[Intel-gfx] [PATCH v2 2/2] drm/i915: fix HW lockup due to missing RPS IRQ workaround on GEN6

Imre Deak imre.deak at intel.com
Fri Dec 19 06:07:49 PST 2014


On Fri, 2014-12-19 at 14:41 +0100, Daniel Vetter wrote:
> On Fri, Dec 19, 2014 at 02:51:57PM +0200, Imre Deak wrote:
> > In
> > 
> > commit dbea3cea69508e9d548ed4a6be13de35492e5d15
> > Author: Imre Deak <imre.deak at intel.com>
> > Date:   Mon Dec 15 18:59:28 2014 +0200
> > 
> >     drm/i915: sanitize RPS resetting during GPU reset
> > 
> > we disable RPS interrupts during GPU resetting, but don't apply the
> > necessary GEN6 HW workaround. This leads to a HW lockup during a
> > subsequent "looping batchbuffer" workload. This is triggered by the
> > testcase that submits exactly this kind of workload after a simulated
> > GPU reset. I'm not sure how likely the bug would have triggered
> > otherwise, since we would have applied the workaround anyway shortly
> > after the GPU reset, when enabling GT powersaving from the deferred
> > work.
> > 
> > This may also fix unrelated issues, since during driver loading /
> > suspending we also disable RPS interrupts and so we also had a short
> > window during the rest of the loading / resuming where a similar
> > workload could run without the workaround applied.
> > 
> > v2:
> > - separate the fix to route RPS interrupts to the CPU on GEN9 too
> >   to a separate patch (Daniel)
> > 
> > Bisected-by: Ander Conselvan de Oliveira <ander.conselvan.de.oliveira at intel.com>
> > Testcase: igt/gem_reset_stats/ban-ctx-render
> > Bugzilla: https://bugs.freedesktop.org/show_bug.cgi?id=87429
> > Signed-off-by: Imre Deak <imre.deak at intel.com>
> > ---
> >  drivers/gpu/drm/i915/i915_irq.c  | 18 ++++++++++++++++--
> >  drivers/gpu/drm/i915/intel_drv.h |  1 +
> >  drivers/gpu/drm/i915/intel_pm.c  | 11 +----------
> >  3 files changed, 18 insertions(+), 12 deletions(-)
> > 
> > diff --git a/drivers/gpu/drm/i915/i915_irq.c b/drivers/gpu/drm/i915/i915_irq.c
> > index aa3180c..f853f26 100644
> > --- a/drivers/gpu/drm/i915/i915_irq.c
> > +++ b/drivers/gpu/drm/i915/i915_irq.c
> > @@ -296,6 +296,21 @@ void gen6_enable_rps_interrupts(struct drm_device *dev)
> >  	spin_unlock_irq(&dev_priv->irq_lock);
> >  }
> >  
> > +u32 gen6_sanitize_rps_pm_mask(struct drm_i915_private *dev_priv, u32 mask)
> > +{
> > +	/*
> > +	 * IVB and SNB hard hangs on looping batchbuffer
> > +	 * if GEN6_PM_UP_EI_EXPIRED is masked.
> > +	 */
> > +	if (INTEL_INFO(dev_priv)->gen <= 7 && !IS_HASWELL(dev_priv))
> 
> Hm, the comment says snb&ivb, but the code includes byt.

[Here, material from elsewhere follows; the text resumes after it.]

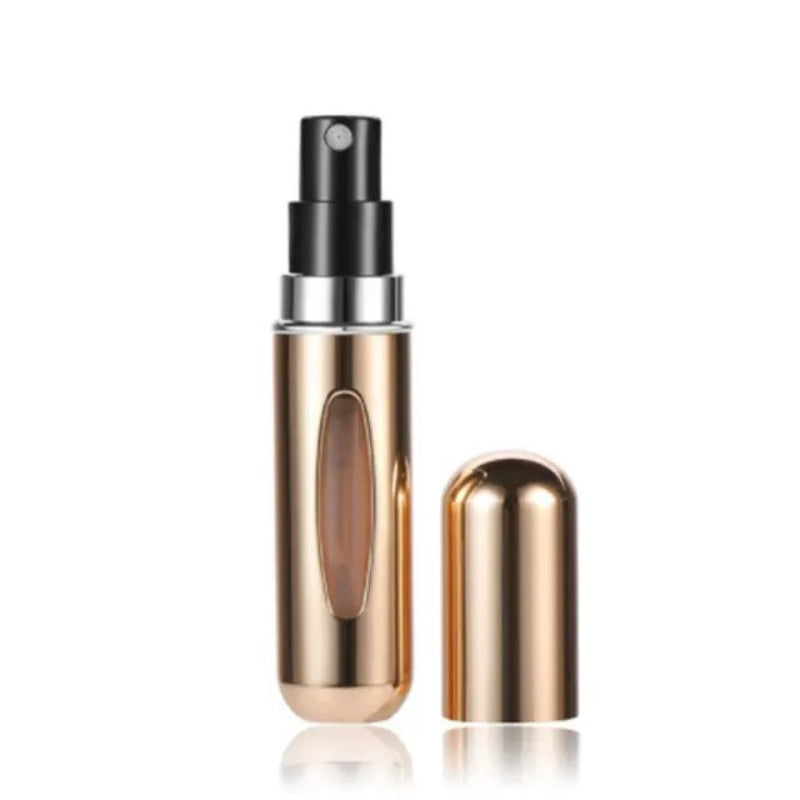 Atomiseur de Parfum de Voyage Rechargeable : NomadeLux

Yea, that code comment is out-of-date. You want me to send a v3 fixing
that?

> We also have an unprocted write to PMINTRMSK still in vlv_set_rps_idle.
> For consistency I think we should either switch to explicitly check for
> only snb/ivb here or adapt the mask in vlv_set_rps_idle too.

gen6_rps_pm_mask() is also used for VLV, so there is only the
unprotected write you mention. But that can be fixed up separately.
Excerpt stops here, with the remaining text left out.